Instructions to follow: Given the records below, would you repeat exactly the lines that begin at the one containing "Pittsburgh Penguins Back" and end at the one containing "CATANES Slim Soft", inclusive?

Dataset:

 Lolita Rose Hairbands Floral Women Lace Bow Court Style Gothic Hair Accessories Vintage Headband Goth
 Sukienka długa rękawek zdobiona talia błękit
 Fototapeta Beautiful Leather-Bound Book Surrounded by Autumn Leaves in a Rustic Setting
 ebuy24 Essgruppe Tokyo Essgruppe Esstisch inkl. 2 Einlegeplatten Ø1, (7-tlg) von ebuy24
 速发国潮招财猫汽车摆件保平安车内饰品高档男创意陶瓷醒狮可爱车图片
...
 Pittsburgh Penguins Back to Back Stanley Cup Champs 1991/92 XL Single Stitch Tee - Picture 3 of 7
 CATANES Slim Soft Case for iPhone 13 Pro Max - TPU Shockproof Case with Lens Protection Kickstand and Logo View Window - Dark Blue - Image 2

Response:
 Pittsburgh Penguins Back to Back Stanley Cup Champs 1991/92 XL Single Stitch Tee - Picture 3 of 7
 CATANES Slim Soft Case for iPhone 13 Pro Max - TPU Shockproof Case with Lens Protection Kickstand and Logo View Window - Dark Blue - Image 2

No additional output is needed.